Just thought I'd share some pics I took today:

L4 Ghost eating a D. Melangastor fruit fly: (you can see the fly's red eyes)







More L4 Ghost pics:
















Close up of D. Melangastor fly:






H. Grandis male (sub-sub adult):


----------



## OGIGA (Feb 8, 2007)

Awesome pictures! I didn't know fruit flies look like that. Now I'm going to borrow my housemate's camera!


----------



## AntiSocial______ (Feb 8, 2007)

nice pics.... How long do ghosts usually live?


----------



## Ian (Feb 8, 2007)

Oh those photos are awesome. I do love the close up of the Drosophila, wasn't aware they had red eyes!

What camera are you using?


----------



## OGIGA (Feb 8, 2007)

I totally thought that was a professional camera. It's a Canon PowerShot S3 IS. Very nice!


----------



## rlechols (Feb 9, 2007)

Thanks for the compliments on the pics--yes, my camera is the Canon S3 IS--a good substitute for an SLR. The pics were taken with the Raynox DCR 250 macro lens attached. It has taken some practice to learn how to use it, and I'm still figuring it out.
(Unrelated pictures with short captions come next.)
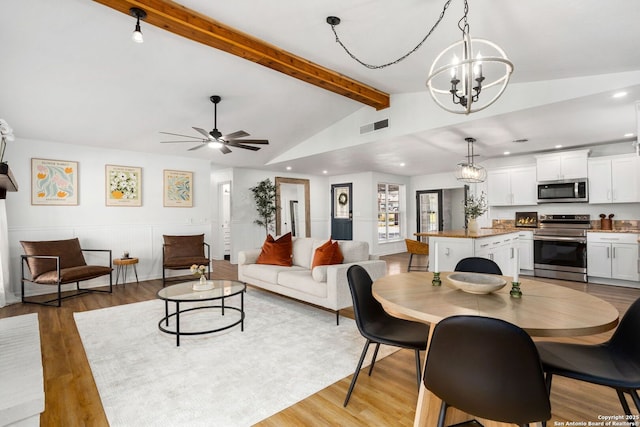 dining space with ceiling fan with notable chandelier, vaulted ceiling with beams, light wood-style floors, and visible vents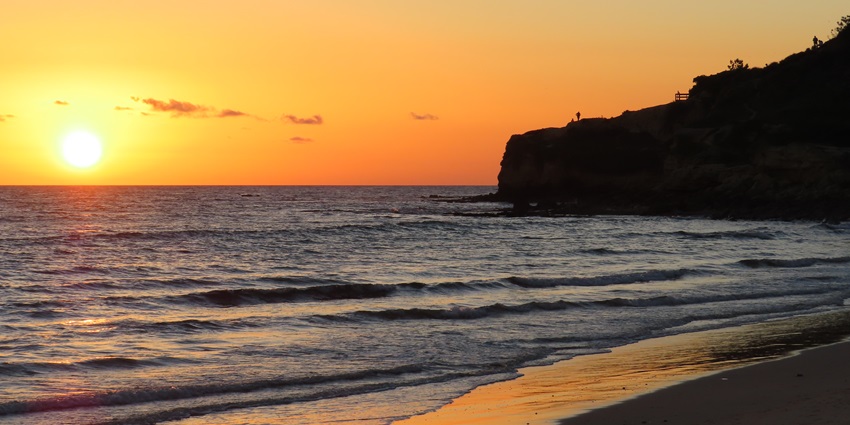 An image of a sunset view of paria da falesia, one of the most surreal Portugal beach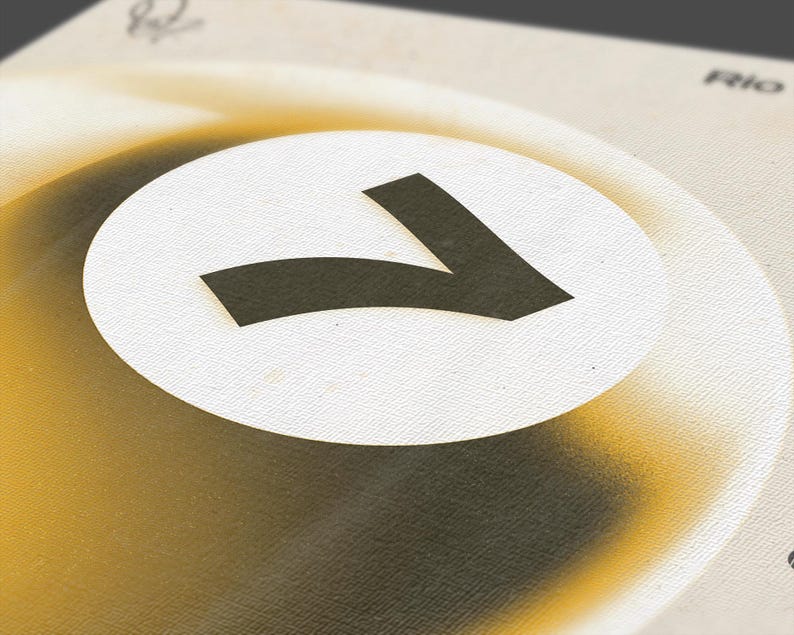 May include: Close-up of a design featuring a large, stylized black number seven inside a white circle. The circle is set against a gradient background of yellow and brown tones. The word "Rio" is visible in the background.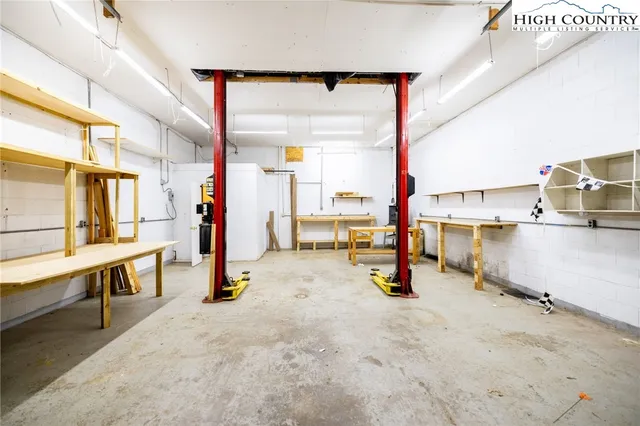 a view of a forest with a houses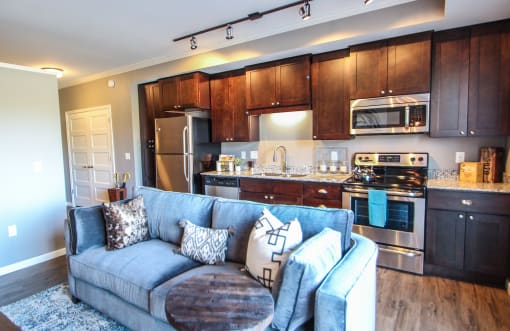 a living room with a blue couch in front of a kitchen  at Victoria Park and V2 Apartments, St. Paul, MN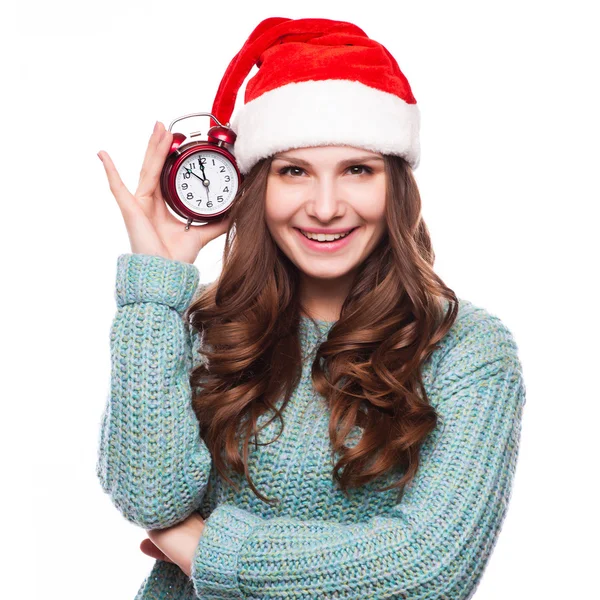 Pelirroja en sombrero de Navidad con reloj —  Fotos de Stock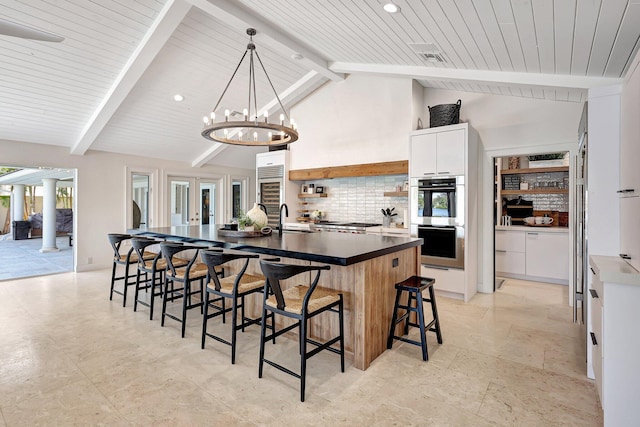 kitchen featuring sink, vaulted ceiling with beams, a chandelier, a kitchen island with sink, and white cabinets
I take a lot of pics and usually get 1/4 of them that turn out good. The camera has 12x zoom, so when you put the macro lens on, you can really zoom in on something very small, like a fly.

I'm not sure how long ghosts live. I originally had 5; 4 males and one female. The males have died, but the female is still doing well. She has laid 5 ooths. Here are two pictures of her:


----------



## padkison (Feb 9, 2007)

Your female looks great. It sort of looks like she's got one of those 50s beehive hairdoos.


----------



## Isis (Feb 9, 2007)

My females had laid about 15 ooths (!) before they died. I still have one in good shape, I think she has more than 6 months from the last molt (13months from hatching)... I say it is a pretty good age for a mantis.


----------



## Insect Guy (Feb 9, 2007)

Those are nice looking ghosts. I really think that this is one of the coolest looking species.


----------



## wuwu (Feb 9, 2007)

she's is so beautiful! i love green ghosts. btw, has anyone ever had a green male? i've only seen green females.


----------



## Rick (Feb 10, 2007)

Great pics!


----------